Lynne Stewart, a proudly radical lawyer, could face 40 years in federal prison if she's convicted. But she's in no mood to curl up in a fetal position.
"How could I be happier? I feel like I've waited my whole life for this fight," she told a crowd of supporters at a pretrial fundraiser in a Manhattan Quaker church a few weeks back.
"I say this to John Ashcroft: Bring it on!"
The very public trial of the 64-year-old Stewart -- she plans to testify at length and write a Web log throughout -- commences this week in U.S. District Court in Manhattan and likely will stretch until autumn. A left-leaning pillar of this city's boisterous defense bar, Stewart has worked these courtrooms for two decades, representing leftists and mobsters, antiwar demonstrators and dope smugglers. She's been ranked among the city's 10 best trial lawyers.
"I love helping a jury cut through the crap," she said in an interview in her Manhattan law office a few blocks northeast of Ground Zero. "But I can't be sanguine about having the T-word hung around my neck."
The federal indictment accuses Stewart and two men -- an Arabic translator and a former U.S. postal worker -- of aiding a plot to kidnap and perhaps kill people to obtain the release of the imprisoned blind Sheik Omar Abdel Rahman, who is serving a life sentence for conspiring to blow up the United Nations, two Hudson River tunnels and Manhattan's FBI building.
The indictment alleges that while visiting her client in prison, Stewart spoke gibberish in English as a cover while the sheik gave instructions in Arabic to a follower posing as a translator. She then allegedly violated federal regulations by publicly announcing in 2000 that Rahman had withdrawn his support for a cease-fire with the Egyptian government.
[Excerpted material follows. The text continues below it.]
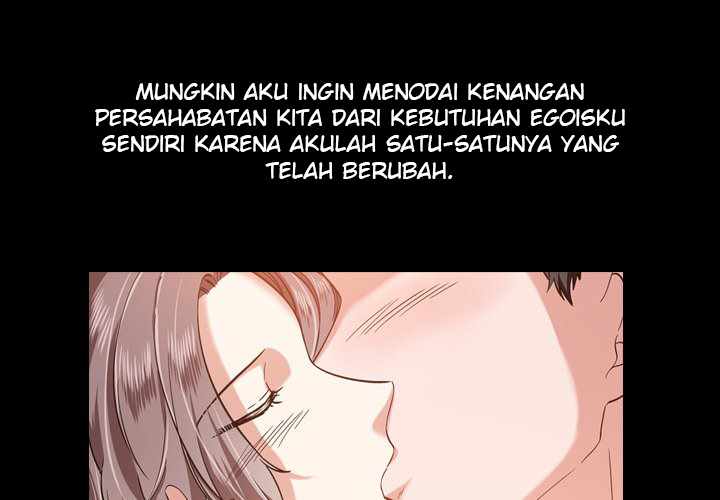 Friends (ATZ) - Chapter 14 2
Rahman is held in a maximum-security prison in Colorado and is prohibited from contacting his followers.
The federal government's indictment of Stewart in April 2002 marked the first time that it had brought charges of conspiring to provide material support for terrorist activity against a defense attorney in a terrorism case.
Attorney General John D. Ashcroft framed the prosecution as another battle in the nation's war on terror. "We will not look the other way when our institutions of justice are subverted," Ashcroft said at the time.
In August 2003, however, U.S. District Court Judge John G. Koeltl cut the heart out of the government's case. "The government's evolving definition" of material support, Koeltl wrote, "reveals a lack of prosecutorial standards" and would allow "policemen, prosecutors and juries to pursue their personal predilections."
In November 2003, federal prosecutors returned to court, bringing new charges based on the same actions by Stewart. This time, prosecutors -- who had secretly taped her talks with her client -- accused Stewart of conspiring to provide "personnel" to the Islamic Group. The sheik, in this formulation, was the "personnel."
The government argued that Stewart was effectively aiding terrorist violence to obtain her client's release. Koeltl allowed the new indictment to stand, but cautioned prosecutors that they would face a far higher standard of proof. Now they had to prove that Stewart knew her actions would aid a terrorist conspiracy.